Amants et Voleurs
Beskrivning av boken
Amants et Voleurs est un roman de Tristan Bernard publié en 1905.
Extrait
I EN CASQUE ET SABRE
| — Simon, vous ne serrez pas votre distance, vous serez consigné deux kummels.
J’étais habitué à cette plaisanterie que me faisait au manège le brigadier Merlaux. Il avait adopté cette forme elliptique, les deux jours de consigne qu’il me donnait étant généralement levés à la cantine. Ce qui m’ennuyait le plus, ce n’était pas d’offrir deux kummels, c’était d’être obligé d’en boire un.
Nous étions une douzaine à la file dans le manège vaste et sombre.
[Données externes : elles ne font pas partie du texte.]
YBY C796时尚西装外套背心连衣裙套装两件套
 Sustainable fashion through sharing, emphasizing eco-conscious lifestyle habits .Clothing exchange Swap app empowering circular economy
Avec nos bourgerons mal tirés et nos ceinturons de cuir, nous ressemblions à de grands enfants. Juché sur ma jument Lunette, les pieds pendants, faute d’étriers, j’étais partagé entre la crainte d’être puni et la préoccupation de ne pas amener les naseaux de Lunette trop près de la croupe de Franchise, qui ruait.
L’officier chargé des élèves-brigadiers était parti ce jour-là de bonne heure, et notre maréchal des logis n’avait pas tardé à le suivre. Cette double défection lui donnant le pouvoir suprême, le brigadier Merlaux avait quitté la tête de la reprise et s’était placé au centre du manège. Nous continuions à trotter sans étriers. Quelques-uns d’entre nous, impatients et autoritaires, soufflaient au brigadier le commandement : Au pas !… Mais il restait les yeux fixés sur la baie du manège, et disait entre ses dents :
— Un instant, nom de Dieu ! Le sous-officier est encore dans la cour !…
— Au pas ! tas de veaux ! nous dit-il un instant après. Feignants de malheur, qui ne veulent rien savoir pour aller cinq minutes au trot sans étriers ! Du temps que j’ai fait mes classes, tu parles que l’on pilait pendant des trois quarts d’heure, et c’est rare si nos gradés, à nous, étaient des poires comme moi, et s’ils nous avaient à la bonne !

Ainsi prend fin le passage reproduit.